I calcoli effettuati da Truenumbers hanno portato a una differenza che per alcune regioni appare da record. Innanzitutto per la Lombardia del governatore Roberto Maroni, che vanta un residuo fiscale a proprio sfavore di 54 miliardi circa. Ovvero la differenza tra quanto privati cittadini e imprese lombarde versano e quanto ricevono in servizi e trasferimenti è altissima, molto superiore a quella delle altre regioni.
La seconda regione, l’Emilia Romagna, vede un residuo fiscale molto minore, di 18 miliardi e 861 milioni
Viene poi il Veneto, con 15 miliardi e 458 milioni. Al quarto posto il Piemonte con 8 miliardi e 606 milioni.
A seguire tutto il Nord, tranne la provincia di Trento, la Toscana e il Lazio.
Al contrario vi sono quelle regioni in cui il calcolo del residuo fiscale dà un risultato negativo, perché quello che viene ricevuto da Roma è più di quanto si è versato. E’ il caso di tutto il Sud, la Sicilia ha il dato con il maggior deficit, – 10 miliardi e 617 milioni, poi vi è la Puglia, con -6 miliardi e 419 milioni, la Calabria, -5 miliardi e 871 milioni, la Campania, – 5 miliardi e 705 milioni.
Parimenti significative le differenze per i cittadini delle varie regioni. Dividendo il residuo fiscale per il numero di abitanti abbiamo quindi il residuo fiscale pro-capite. Anche in questa classifica la Lombardia è prima, con 5.217 euro per cittadino. Le differenze con le altre regioni tuttavia non sono più abissali. L’Emilia Romagna, è al secondo posto con 4.239 euro, il Veneto, al terzo, 3.141 euro. Viene poi Bolzano al quarto posto, che nella classifica precedente era più indietro, all’ottavo, con un residuo fiscale di 2.117 euro.
Tra le regioni con residuo negativo il valore record non è più della Sicilia, ma della Sardegna, con 3.169. Vi è poi la Calabria, con 2.975 pro capite, e la Basilicata, 2.192. La Sicilia è ora “solo” quartultima, con -2.089. Migliora relativamente la posizione campana che era al 18esimo posto e ora è solamente 14esima.

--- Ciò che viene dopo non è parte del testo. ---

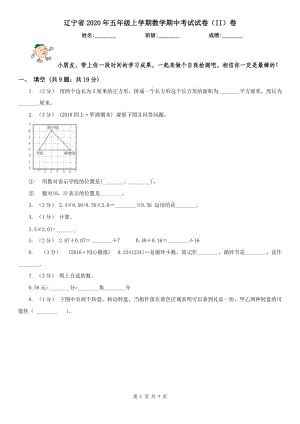 辽宁省2020年五年级上学期数学期中考试试卷（II）卷（测试）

Queste cifre in parte già si conoscevano, ma ora assumono una valenza diversa, viste le tante spinte autonomiste in Europa, a partire da quella catalana che potrebbe prendere una piega drammatica dopo la sospensione dell’esito del referendum e la rimoIone del governo Puigdemont, per finire con il vento di destra che spira nell’ex cortina di ferro.
Non è ancora un nuovo corso italiano di quanto avviene in Spagna, ma sicuramente alle prossime elezioni del 2018, oltre al tema dei migranti e dell’economia, ci sarà anche quello della autonomia fiscale.